And, a specific UE with RNTI "A" reads the PDCCH and then receive
the PDSCH indicated by B and C in the PDCCH information.
[0053] FIG. 5 is a block diagram of a communication apparatus
according to an embodiment of the present invention.
[0054] The apparatus shown in FIG. 5 can be a user equipment (UE)
and/or eNB adapted to perform the above mechanism, but it can be
any apparatus for performing the same operation.

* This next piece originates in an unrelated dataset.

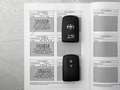 Toyota Yaris 1.5 Hybrid Bi-Tone Plus Limited Rood - thumbnail 13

[0055] As shown in FIG. 5, the apparatus may comprises a
DSP/microprocessor (110) and RF module (transmiceiver; 135). The
DSP/microprocessor (110) is electrically connected with the
transciver (135) and controls it. The apparatus may further include
power management module (105), battery (155), display (115), keypad
(120), SIM card (125), memory device (130), speaker (145) and input
device (150), based on its implementation and designer's
choice.
[0056] Specifically, FIG. 5 may represent a UE comprising a
receiver (135) configured to receive a request message from a
network, and a transmitter (135) configured to transmit the
transmission or reception timing information to the network. These
receiver and the transmitter can constitute the transceiver (135).
The UE further comprises a processor (110) connected to the
transceiver (135: receiver and transmitter).

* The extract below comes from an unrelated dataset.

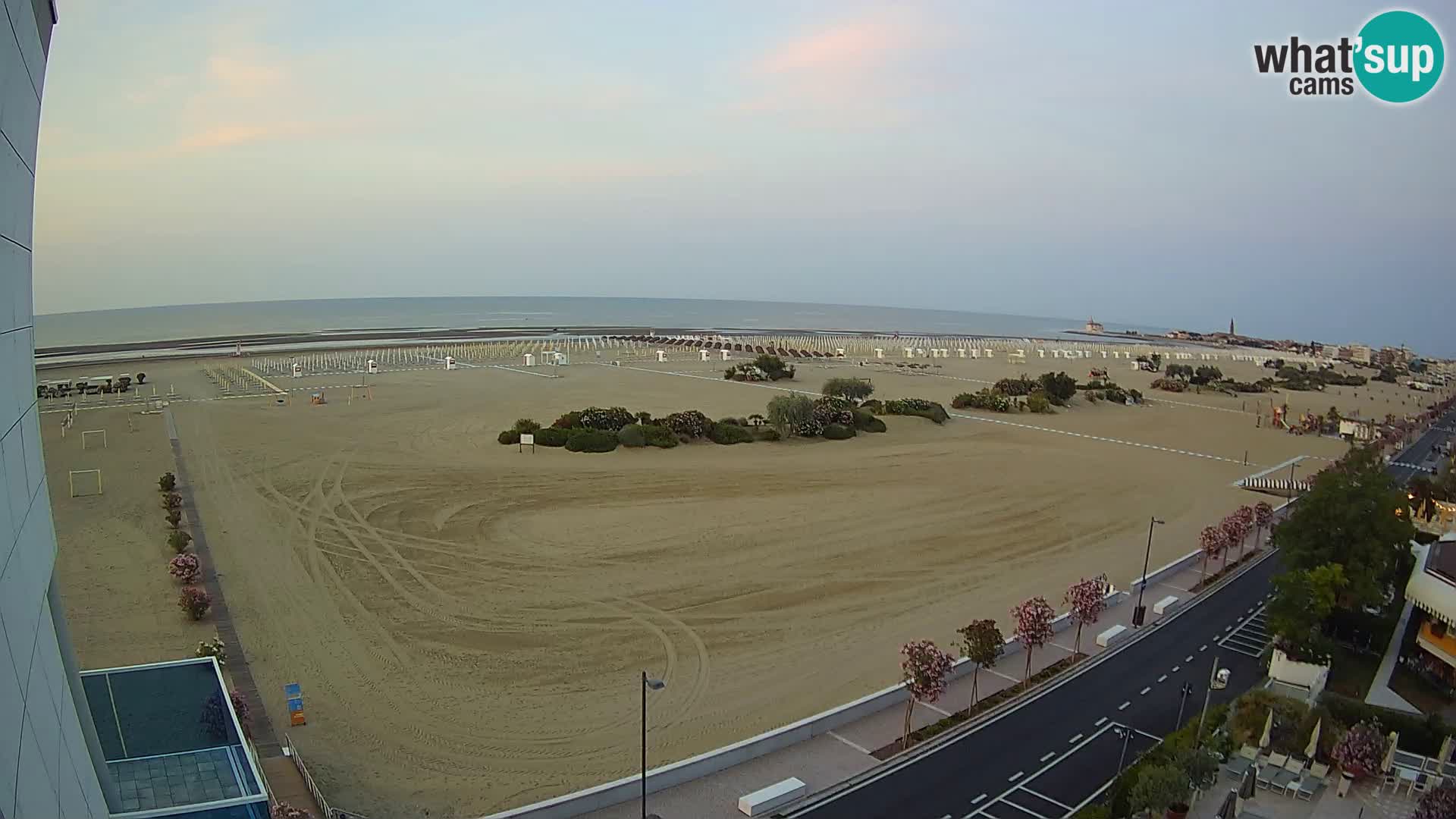 Hotel Panoramic u živo Caorle plaža Levante web kamera – Italija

[0057] Also, FIG. 5 may represent a network apparatus comprising a
transmitter (135) configured to transmit a request message to a UE
and a receiver (135) configured to receive the transmission or
reception timing information from the UE. These transmitter and
receiver may constitute the transceiver (135). The network further
comprises a processor (110) connected to the transmitter and the
receiver. This processor (110) may be configured to calculate
latency based on the transmission or reception timing
information.
[0058] Recently, Proximity-based Service (ProSe) has been discussed
in 3GPP. The ProSe enables different UEs to be connected (directly)
each other (after appropriate procedure(s), such as
authentication), through eNB only (but not further through Serving
Gateway (SGW)/Packet Data Network Gateway (PDN-GW, PGW)), or
through SGW/PGW. Thus, using the ProSe, device to device direct
communication can be provided, and it is expected that every
devices will be connected with ubiquitous connectivity. Direct
communication between devices in a near distance can lessen the
load of network. Recently, proximity-based social network services
have come to public attention, and new kinds of proximity-based
applications can be emerged and may create new business market and
revenue. For the first step, public safety and critical
communication are required in the market. Group communication is
also one of key components in the public safety system. Required
functionalities are: Discovery based on proximity, Direct path
communication, and Management of group communications.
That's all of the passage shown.